▶ _What you have to do_: In the material below, find the line with "Gold Glitter Name"; set down that line and every line after it to the end, exactly, without pictures.

▶ _Exercise data_:
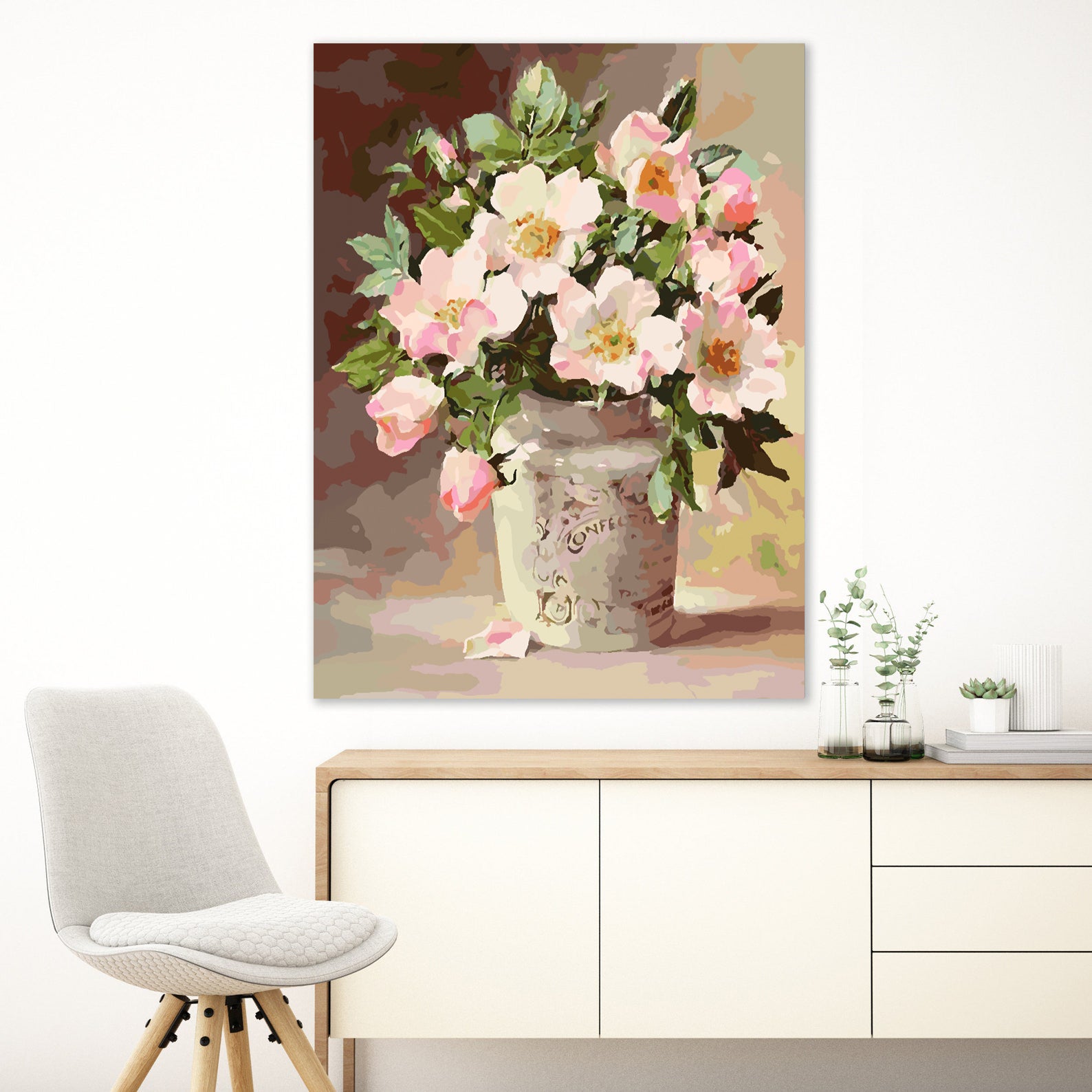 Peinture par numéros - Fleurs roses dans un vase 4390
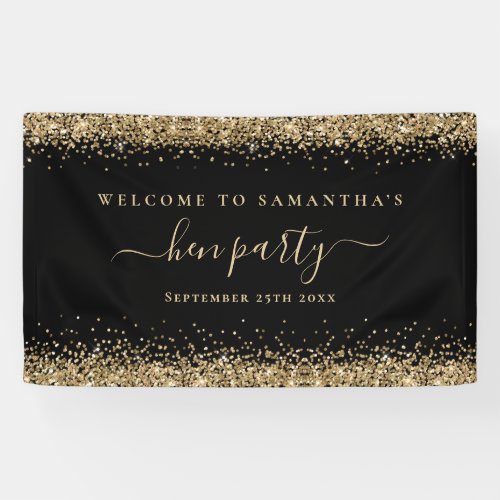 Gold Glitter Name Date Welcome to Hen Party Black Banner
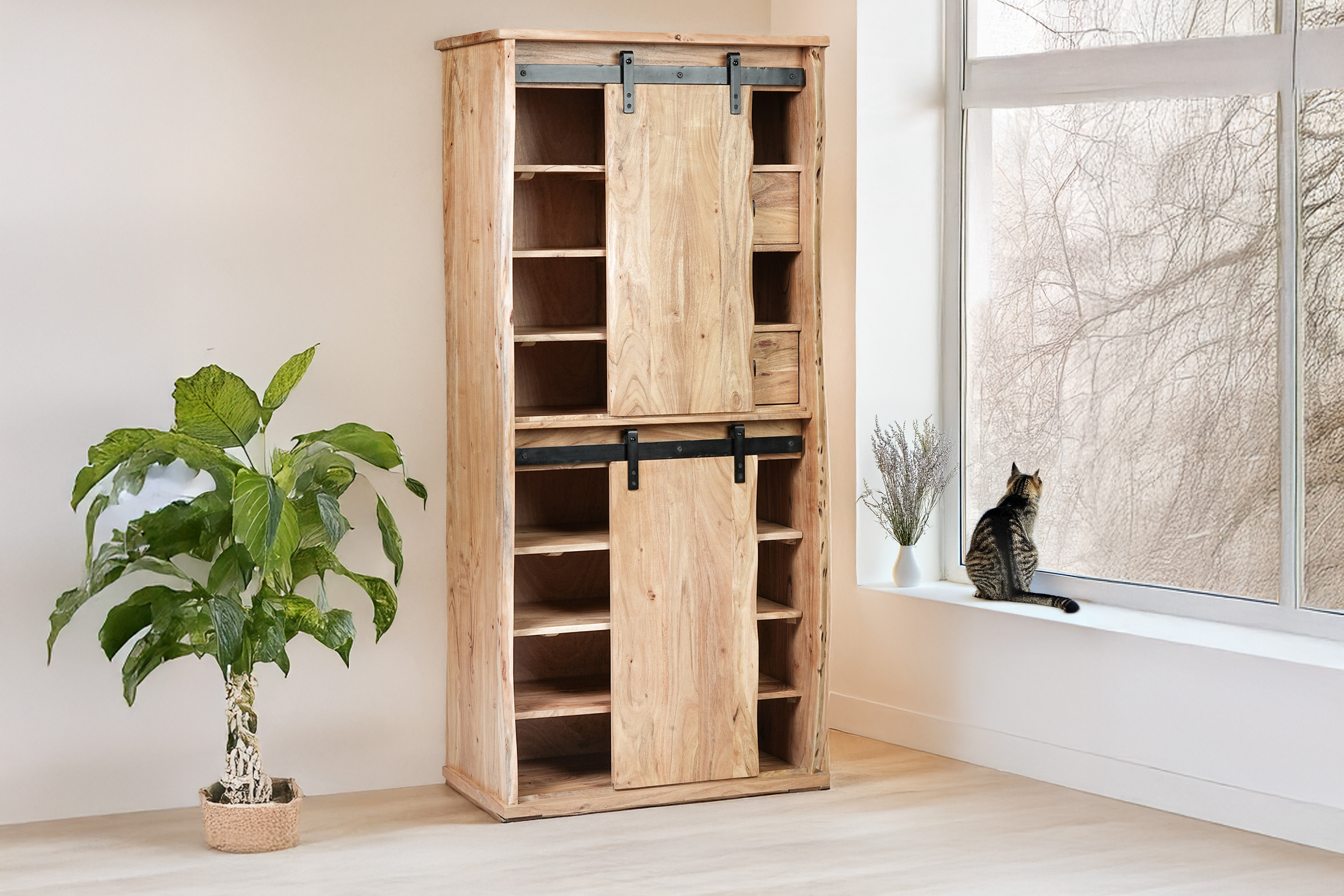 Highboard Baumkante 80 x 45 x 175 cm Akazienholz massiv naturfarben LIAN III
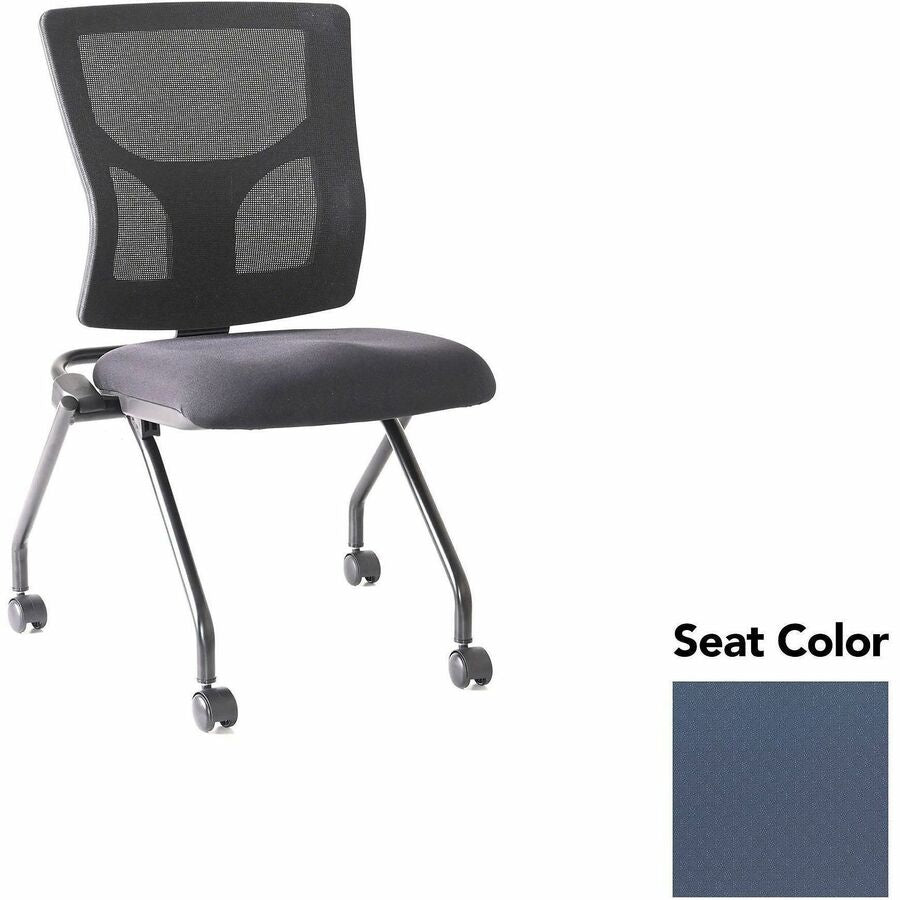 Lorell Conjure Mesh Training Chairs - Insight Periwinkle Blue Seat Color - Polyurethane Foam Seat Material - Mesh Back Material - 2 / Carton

▶ _Output for this exercise_:
 Gold Glitter Name Date Welcome to Hen Party Black Banner
 Highboard Baumkante 80 x 45 x 175 cm Akazienholz massiv naturfarben LIAN III
 Lorell Conjure Mesh Training Chairs - Insight Periwinkle Blue Seat Color - Polyurethane Foam Seat Material - Mesh Back Material - 2 / Carton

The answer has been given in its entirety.